* WHAT YOU NEED TO DO: Data follows below. Repeat exactly the lines between the line holding "Cachimba-Koress-K1-Green+Base-Rusa-Gota-Agua-Rayada" and the line holding "U.S. News &", inclusive, and nothing more; drop pictures.

* SUPPLIED MATERIAL:
+ + + + + + +

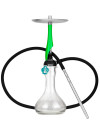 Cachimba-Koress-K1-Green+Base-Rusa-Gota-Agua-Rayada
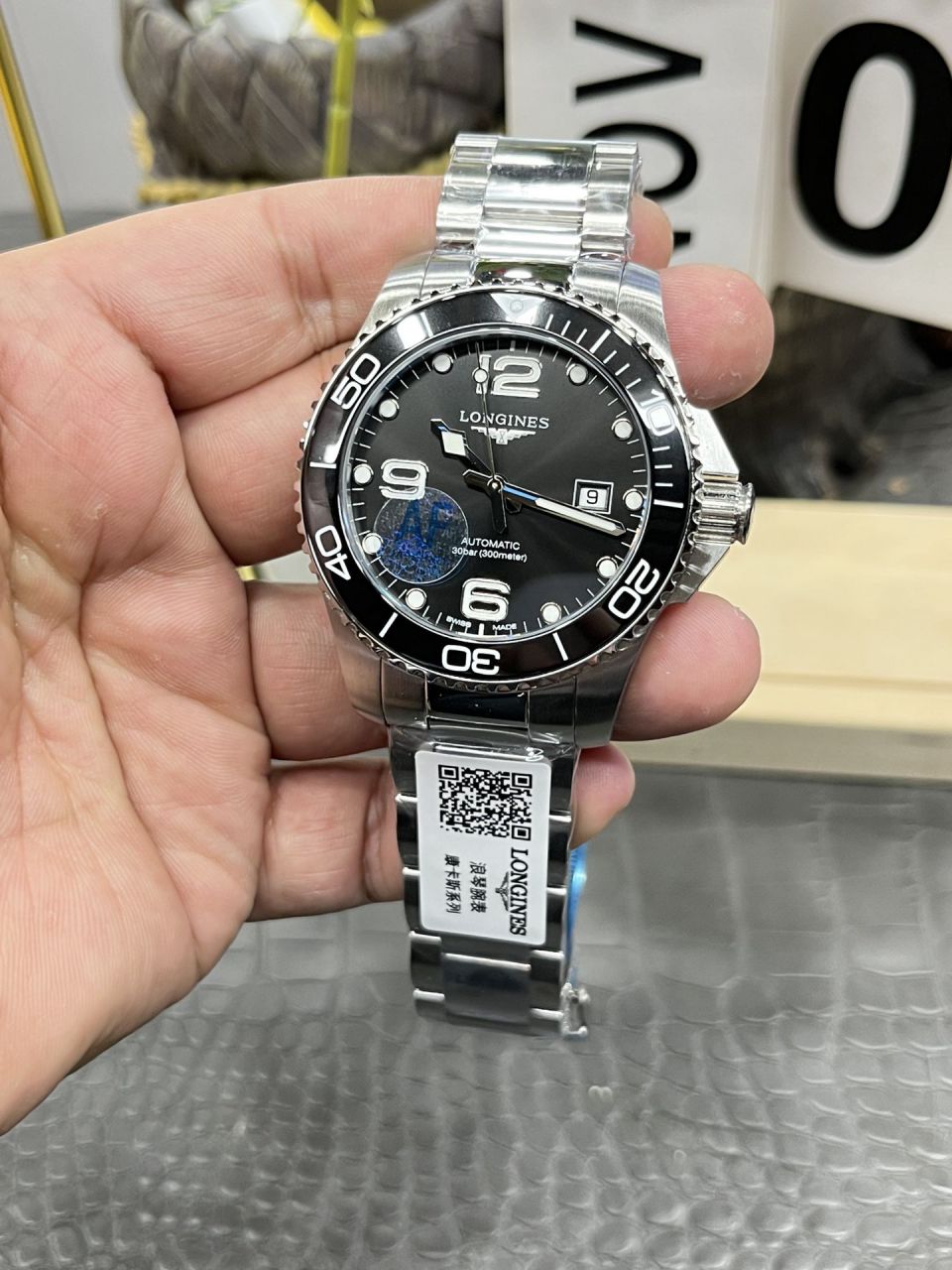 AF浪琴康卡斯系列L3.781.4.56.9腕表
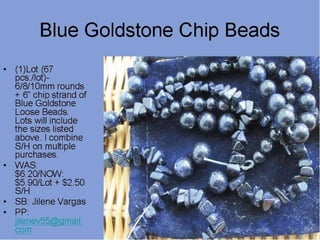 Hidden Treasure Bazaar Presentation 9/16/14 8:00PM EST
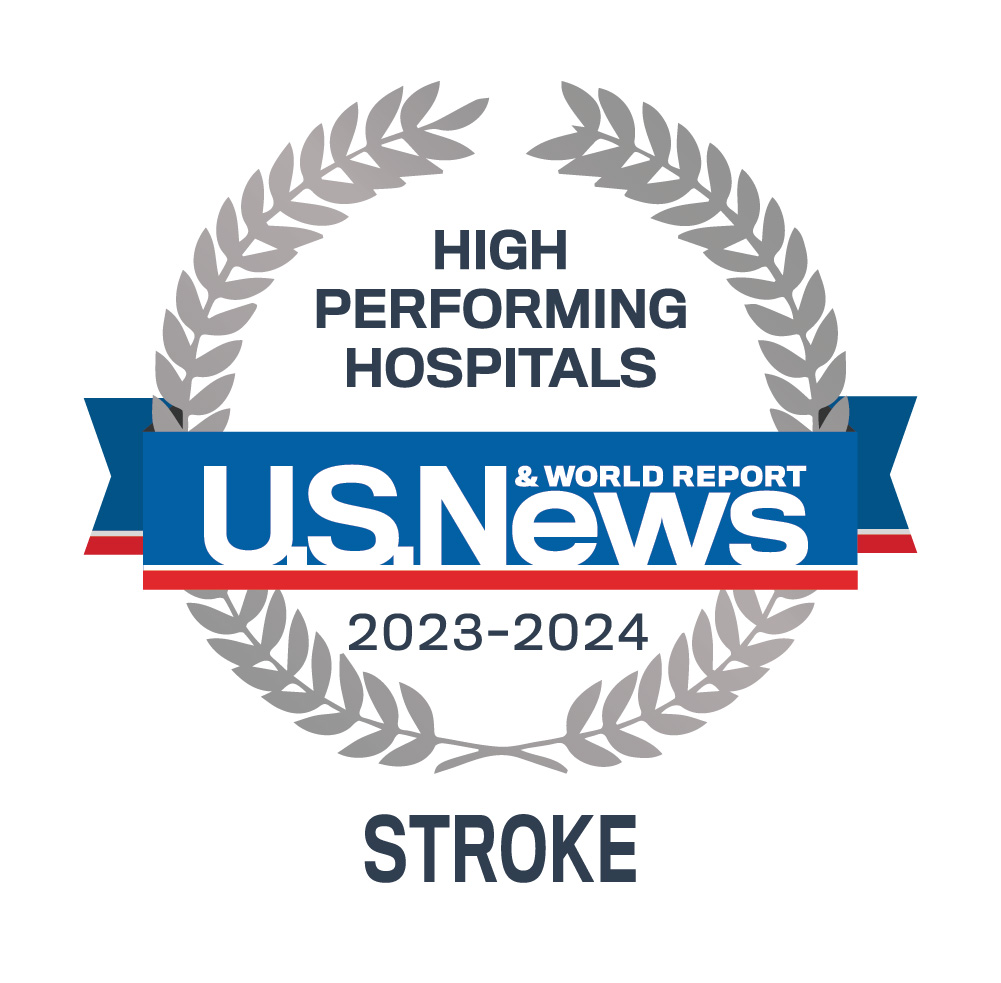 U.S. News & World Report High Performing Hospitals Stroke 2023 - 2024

+ + + + + + +

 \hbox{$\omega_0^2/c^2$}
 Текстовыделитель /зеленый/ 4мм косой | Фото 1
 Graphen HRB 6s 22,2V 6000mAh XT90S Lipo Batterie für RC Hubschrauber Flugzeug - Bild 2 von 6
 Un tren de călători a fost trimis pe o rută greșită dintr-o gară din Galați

+ + + + + + +

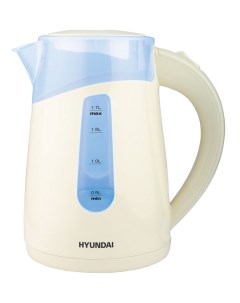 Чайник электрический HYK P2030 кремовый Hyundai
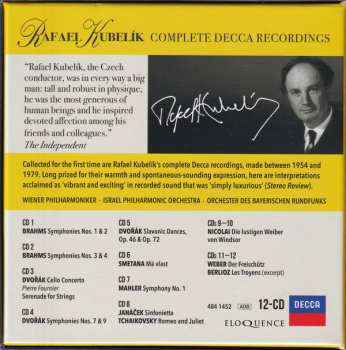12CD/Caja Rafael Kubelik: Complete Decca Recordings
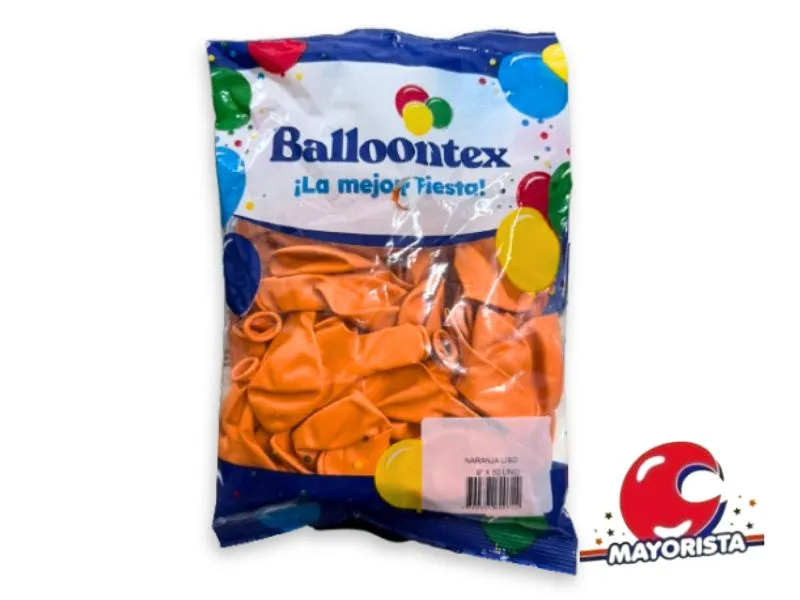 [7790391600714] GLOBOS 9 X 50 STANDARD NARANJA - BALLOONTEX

+ + + + + + +

* ANSWER TO THIS PROBLEM:
 Cachimba-Koress-K1-Green+Base-Rusa-Gota-Agua-Rayada
 AF浪琴康卡斯系列L3.781.4.56.9腕表
 Hidden Treasure Bazaar Presentation 9/16/14 8:00PM EST
 U.S. News & World Report High Performing Hospitals Stroke 2023 - 2024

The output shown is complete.